This is an old revision of the document!
Table of Contents
Menu: Query
The primary querying method in the corpus is a syntagmatic query, which results in a concordance, i.e. a list of all occurrences (tokens) corresponding to the query together with their immediate context. For a syntagmatic query, use the Query → Concordance option.
An extension of syntagmatic search is the paradigmatic query, which is a combination of several individual syntagmatic queries and yields the intersection of their frequency distributions. Thus, the result of paradigmatic querying is the set of types common to all individual syntagmatic queries. For a paradigmatic query, use the Query → Paradigmatic query option.

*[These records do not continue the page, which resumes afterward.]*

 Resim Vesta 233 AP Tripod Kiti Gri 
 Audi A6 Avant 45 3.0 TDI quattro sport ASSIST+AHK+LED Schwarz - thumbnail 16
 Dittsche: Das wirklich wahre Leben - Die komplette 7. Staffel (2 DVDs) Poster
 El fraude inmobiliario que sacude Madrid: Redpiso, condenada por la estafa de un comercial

Another additional function allows a syntagmatic query to produce a list of the different words (types) that match the query, along with their absolute frequency, ARF or the number of documents in which the query occurs. To obtain such a list, use the Query → Word list option.
Concordance
With the selection Query → Concordance, it is always possible to begin a new corpus search. By clicking on this option we abandon our previous query and any results produced with it, and we begin with a new search. The following text primarily deals with creating queries in single language corpora; the specifics of searching the parallel corpora InterCorp are described in detail in the bonus tutorial of the basic course on working with the CNC (Czech National Corpus).

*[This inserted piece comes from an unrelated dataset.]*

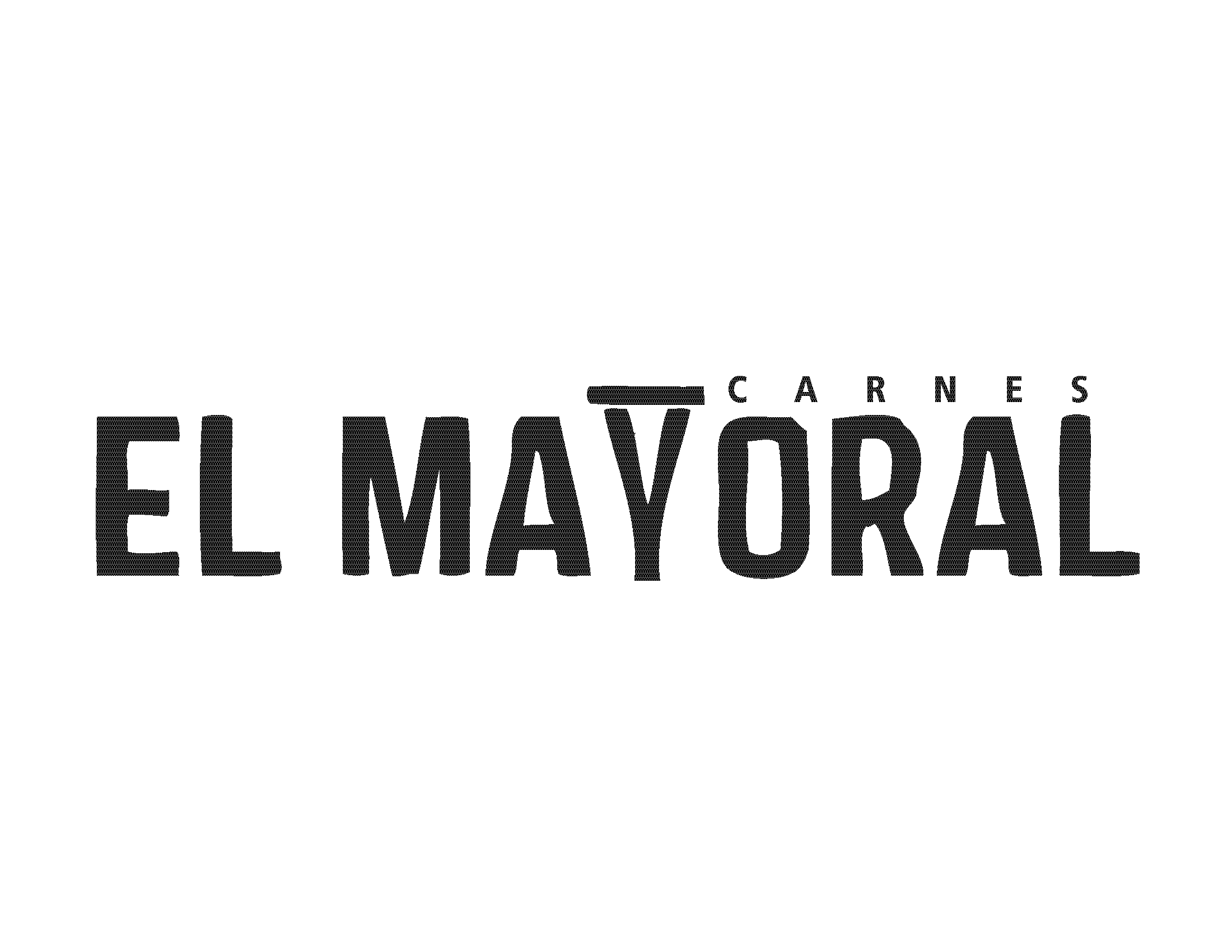 EL MAYORAL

After clicking on the item Concordance, a basic search menu appears for the user. Within this form it is possible to select a corpus in which the search will be conducted and enter a query in the input line below it. You can use the switch to activate the Advanced query function which works with the Corpus Query Language. The form also includes an interactive international keyboard for entering special characters (especially when searching in non-Czech texts and when inserting special characters of the CQL). Previously asked questions can be found either directly in the menu or using the Recent queries link above the query line. The last item in the toolbar above the line is Query interpretation, where the user finds out how his/her query will be evaluated (i.e. translated into CQL) and whether this interpretation is in accordance with his/her intention. This function is not available when switching to advanced mode, but instead it is possible to directly insert interactively generated morphological tags (for corpora that are tagged in this way) or within conditions (see items Insert tag and Insert within).
Corpus selection
The selection of a corpus suitable for solving the given research question is an important decision which must be made before taking any other steps in the research. The range of corpora made available through the project of the Czech National Corpus is constantly widening, as can be seen on the list of corpora. It has therefore been necessary to adjust the corpus selection on the KonText interface in order to accommodate their growing number. Until the autumn of 2015, the corpus selection had the shape of a hierarchically organized tree; this system had several disadvantages: from the not always definite placement of the given corpus within the hierarchy, to a great increase in the number of new corpora and their versions. As a result of this, the hierarchical organization stopped being clear and sustainable in the future, which is why we have switched to the new, label-based system. Its aim is primarily to facilitate orientation in the large number of existing corpora, while simultaneously simplifying work for those users who use only a small number of favorite corpora.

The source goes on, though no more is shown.